On October 15, 1785, Clerk of the Court of Confiscation Matthew Lyon was impeached for his failure to provide the state with records of the Court of Confiscation. The impeachment resolution also appointed three of the Court of Confiscation's members as impeachment managers. Three days later, after an impeachment trial before both the Governor and Council, Lyon was reprimanded and ordered by the court of impeachment to pay the expenses of the prosecution.
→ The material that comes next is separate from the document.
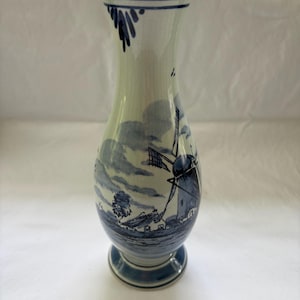 Hand Painted Delft Vase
It was additionally ordered by the court of impeachment that Lyon be fined 500 pounds if he failed to comply by delivering the documents. Lyon requested a new trial, and the Governor's Council obliged. This was despite having told John Barrett months earlier that they believed such a second trial could only be authorized by the General Assembly. In the new trial they again found against him. There are no records that suggest that Lyon paid any of the fines he was ordered to, however.
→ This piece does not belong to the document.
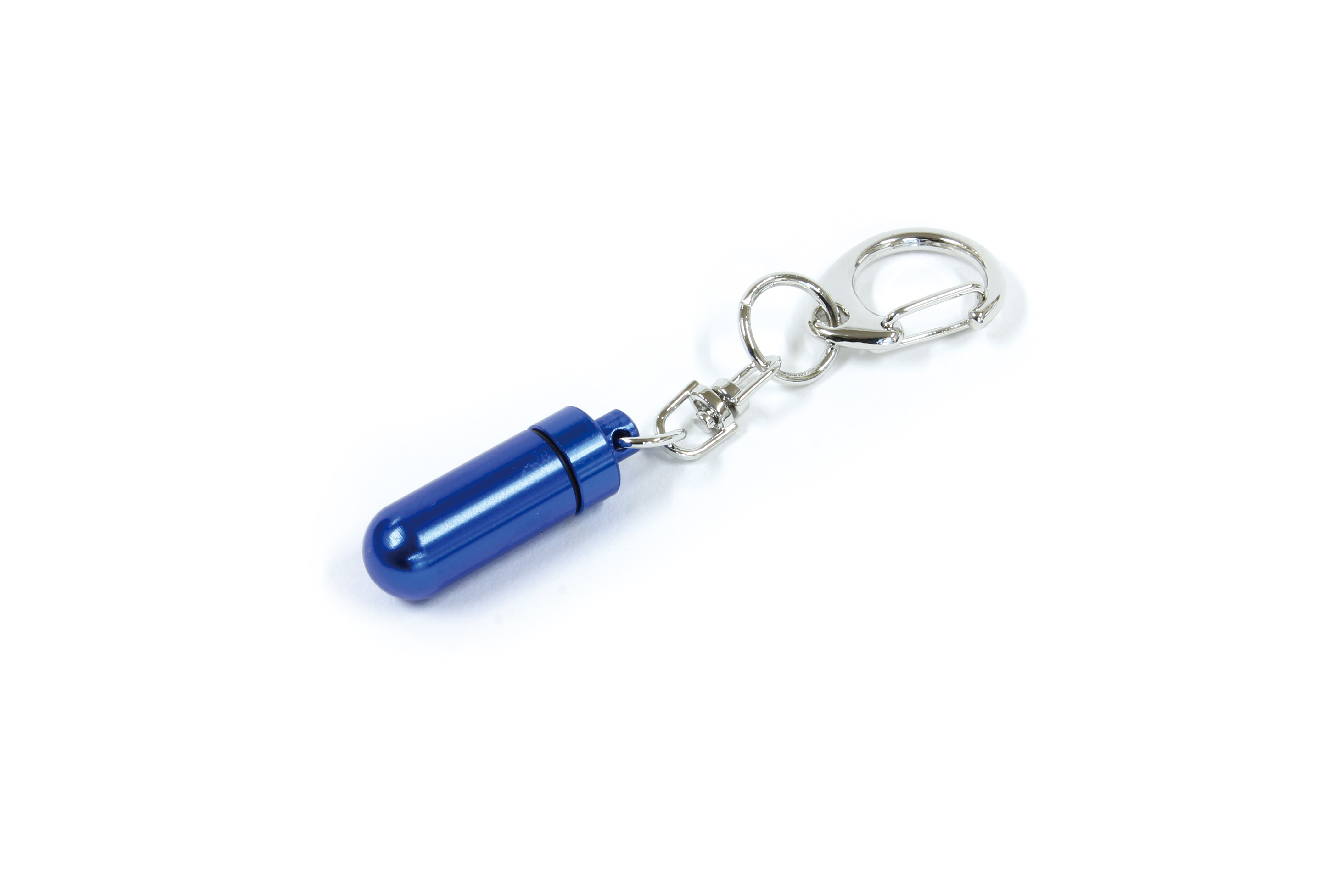 遺骨カプセル　小　キーホルダー　グロス　青　簡易包装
===Expulsion of Jonathan Fassett (former representative) in 1787===
Similar to Abbot and Martin before him, Vermont General Assembly member Jonathan Fassett was handed an expulsion in an action that was referred to as an "impeachment".

Fassett had played a role in leading the November 1786 Rutland Court Riots in which a mob acted to prevent the Rutland County Court from sitting. On February 19, 1789 he was ordered by the General Assembly to be suspended pending consideration of a petition brought against him for this offense. After evidence was considered, the General Assembly suspended him and then on February 28, 1787 unanimously voted to expel him. The legislature also ordered him to pay the expenses of Rutland County State's Attorney Darius Chipman, who had prosecuted the case against him.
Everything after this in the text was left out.